Understanding the physics of galaxy formation is arguably among the greatest problems in modern astrophysics. Christoph Pfrommer investigates the impact of cosmic rays on galaxy and cluster formation. Cosmic rays originate in supernova explosions and produce galactic winds that, among other things, influence star formation. These gigantic gaseous outflows in galaxies are generated by similar mechanisms to those that cause solar flares and coronal mass ejections and thus are responsible for geomagnetic storms on Earth. In contrast to these stormy space weather events, the gigantic galactic winds are harmless for us humans. “But they seem to represent an essential phase in the early, violent period of galaxy formation”, says Pfrommer.
The cosmological computer simulation Illustris has shown that these outflows are not only necessary to form realistic spiral galaxies, but also appear to be crucial in explaining the observed diversity of galaxy morphologies, i.e., their appearance in form of spirals and ellipticals. While current computer simulations are modelling these gaseous outflows phenomenologically, Pfrommer's group aims at modelling the underlying physics of cosmic rays, magnetic fields, and plasma waves in great detail. To investigate the cosmic-ray propagation in galactic magnetic fields, the researchers will employ and expand the AREPO code that has been developed at HITS. In order to be able to conduct the next generation of simulations, the HITS computer cluster is in the process of being upgraded. The simulation results will be validated by taking advantage of new observational capabilities at radio to gamma-ray wavelengths.
One of the central research questions of the new group is whether the strong galactic winds are indeed caused by cosmic rays or whether there is another – yet unknown – mechanism at work. “Perhaps it will turn out that the currently favoured cold dark matter model is not complete and has to be modified”, explains Pfrommer, “for instance, by taking into account self-interactions of dark matter. In any case, I expect this to be an exciting journey, with hopefully many surprises and new discoveries.”
Pfrommer studied Physics in Jena (Germany), Harvard (USA) and at the Max Planck Institute for Astrophysics in Garching (Germany). After his Ph.D. at the Ludwig-Maximilians-Universität in Munich, he worked as a postdoctoral and senior research associate at the Canadian Institute for Theoretical Astrophysics (CITA) in Toronto. In summer 2010, he joined the “Theoretical Astrophysics” group at HITS (led by Prof. Volker Springel) as a senior researcher. In January 2014, Christoph Pfrommer was the first active HITS employee to obtain a habilitation at Heidelberg University.
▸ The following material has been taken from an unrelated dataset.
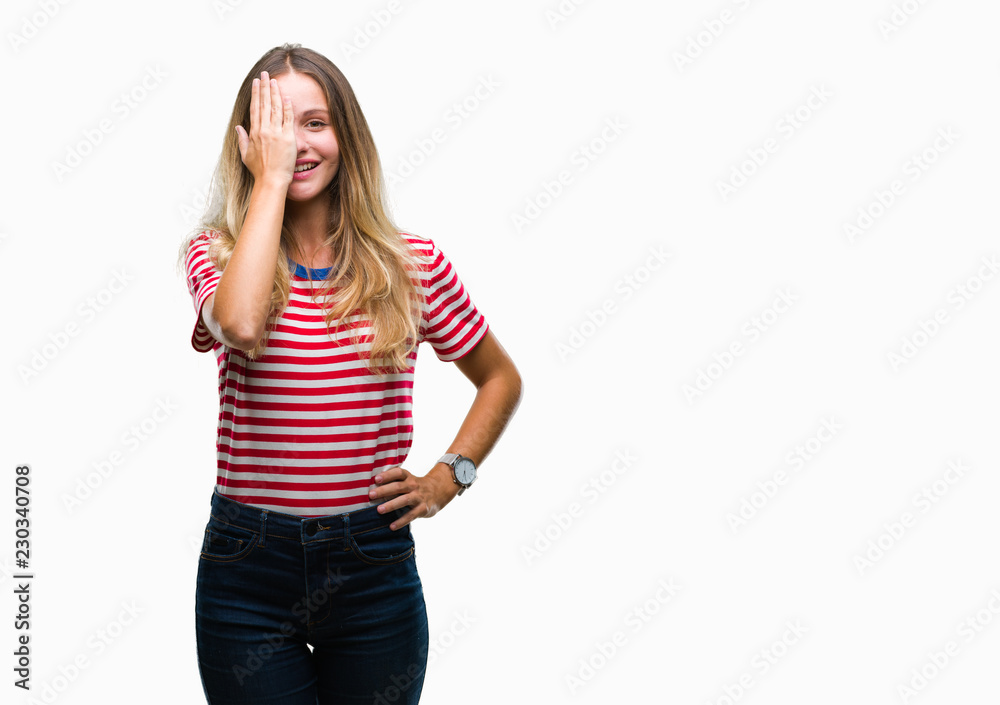 Young beautiful blonde woman over isolated background covering one eye with hand with confident smile on face and surprise emotion. Young beautiful blonde woman over isolated background covering one eye with hand with confident smile on face and surprise emotion.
With his research project CRAGSMAN - The Impact of Cosmic Rays on Galaxy and Cluster Formation - Christoph Pfrommer became the third scientist at HITS to be awarded an ERC grant, joining astrophysicist Volker Springel (ERC Starting Grant) and mathematician Tilmann Gneiting (ERC Advanced Grant). In summer 2015, mathematician Anna Wienhard (Heidelberg University), who also holds an ERC Consolidator Grant, joined HITS as head of the associated group “Groups and Geometry”, bringing the number of ERC grant awardees at HITS to four.